Conversation Templates

# Reusable templates
defmodule Templates do
  import ReqLLM.Context
  alias ReqLLM.Message.ContentPart
  
  def code_review(code, language) do
    Context.new([
      system("You are a code reviewer. Provide concise, actionable feedback."),
      user([
        ContentPart.text("Review this #{language} code:"),
        ContentPart.text("```#{language}\n#{code}\n```")
      ])
    ])
  end
  
  def document_analysis(files) do
    content_parts = [ContentPart.text("Analyze these documents:")] ++
      Enum.map(files, fn {data, name, type} ->
        ContentPart.file(data, name, type)
      end)
    
    Context.new([
      system("You are a document analyst. Provide key insights."),
      user(content_parts)
    ])
  end
end

# Usage
context = Templates.code_review("def hello, do: :world", "elixir")
{:ok, response} = ReqLLM.generate_text(model, context)

Analysis Pipeline

# Simple analysis pipeline
defmodule SimpleAnalysis do
  def analyze(text, model) do
    context = ReqLLM.Context.new([
      ReqLLM.Context.system("You are a data analyst.
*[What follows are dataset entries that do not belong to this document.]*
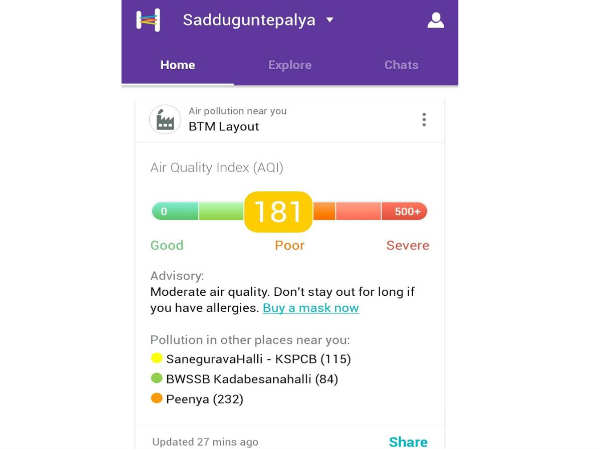Helpchat’s Pollution Alert Feature can show Air Quality Index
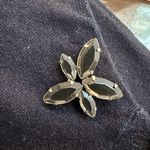 ZARA  Dark Blue Denim Couture Shift Dress Floral Rhinestones Women’s Size Medium Photo 9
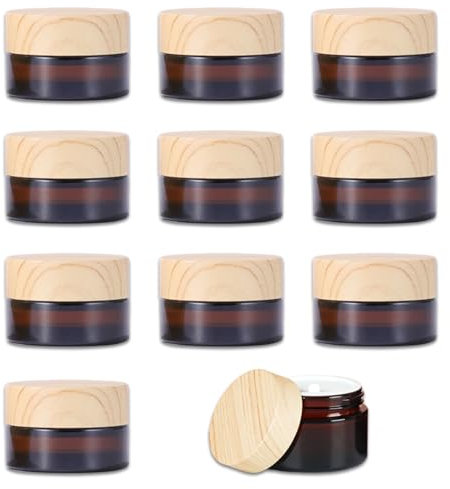 10 contenitori per crema, in vetro ambra, vuoti per crema da 5 ml, contenitore di vetro con coperchio e fodera per cosmetici, creme e oli essenziali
Provide concise insights."),
      ReqLLM.Context.user(text)
    ])
    
    {:ok, response} = ReqLLM.generate_text(model, context)
    
    response.context.messages
    |> List.last()
    |> Map.get(:content, [])
    |> Enum.find(&(&1.type == :text))
    |> Map.get(:text, "")
  end
end

# Usage
analysis = SimpleAnalysis.analyze("Sales increased 15%", model)

Multi-Model Orchestration

# Use different models for specialized tasks
text_model = ReqLLM.Model.from!("anthropic:claude-3-haiku")
vision_model = ReqLLM.Model.from!("anthropic:claude-3-5-sonnet")

# Text analysis
{:ok, text_result} = ReqLLM.generate_text(text_model, text_context)

# Vision analysis  
{:ok, vision_result} = ReqLLM.generate_text(vision_model, image_context)

# Combine results
final_analysis = ReqLLM.Response.text(text_result) <> " " <> ReqLLM.Response.text(vision_result)

ReqLLM provides type-safe, provider-agnostic data structures for building composable AI workflows. Each structure builds on the others to create a unified foundation for AI application development.